- _WHAT YOU ARE ASKED TO DO_:
Line by line, give the data again exactly as it appears, but without pictures.

- _DATASET EXTRACT_:
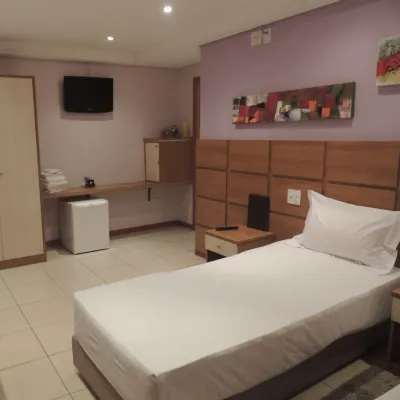 Hotel Luni Hotels near Santana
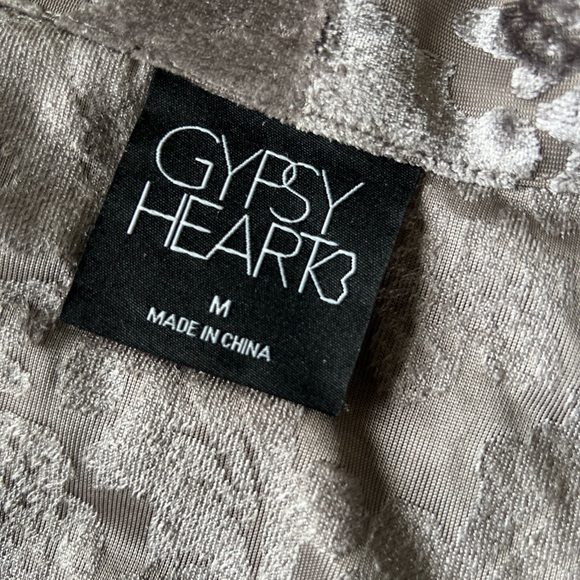 EMBROIDERED VELVET KIMONO JACKET BY GYPSY HEARTS - Picture 7 of 7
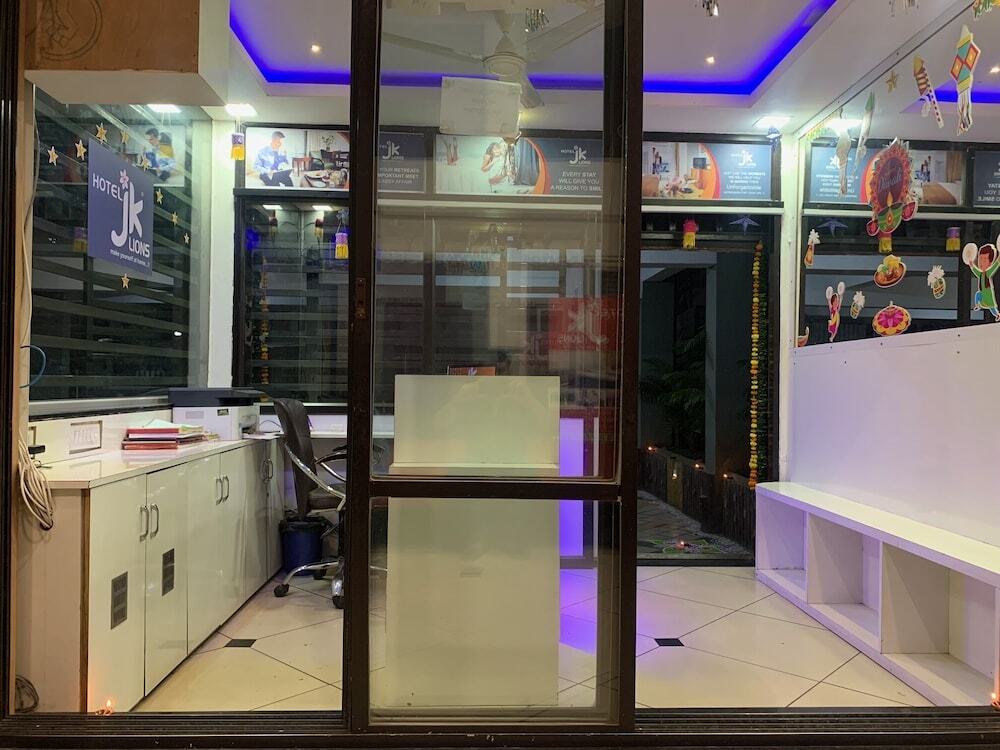 Нагпур: Hotel JK Lions - Koradi, Nagpur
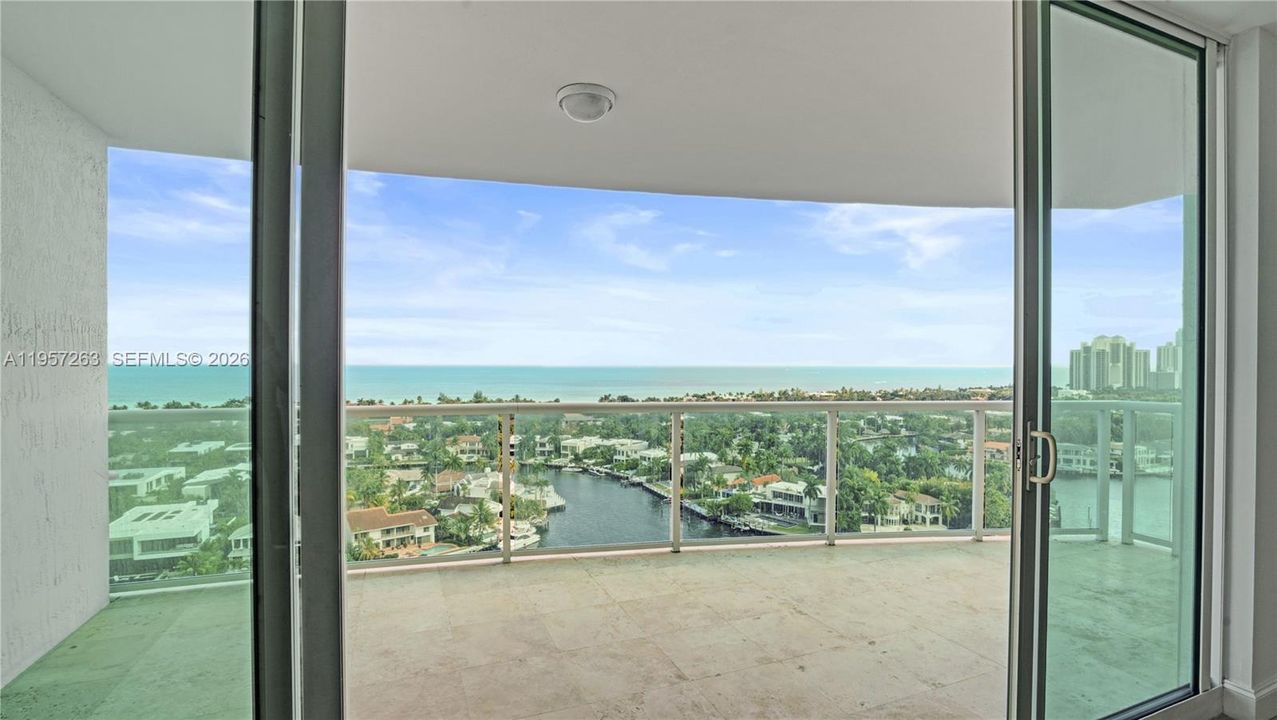 Vendido Recientemente: $1,635,000 (3 camas, 3 baños, 3264 Pies cuadrados)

- _ANSWER TO THE PROBLEM_:
 Hotel Luni Hotels near Santana
 EMBROIDERED VELVET KIMONO JACKET BY GYPSY HEARTS - Picture 7 of 7
 Нагпур: Hotel JK Lions - Koradi, Nagpur
 Vendido Recientemente: $1,635,000 (3 camas, 3 baños, 3264 Pies cuadrados)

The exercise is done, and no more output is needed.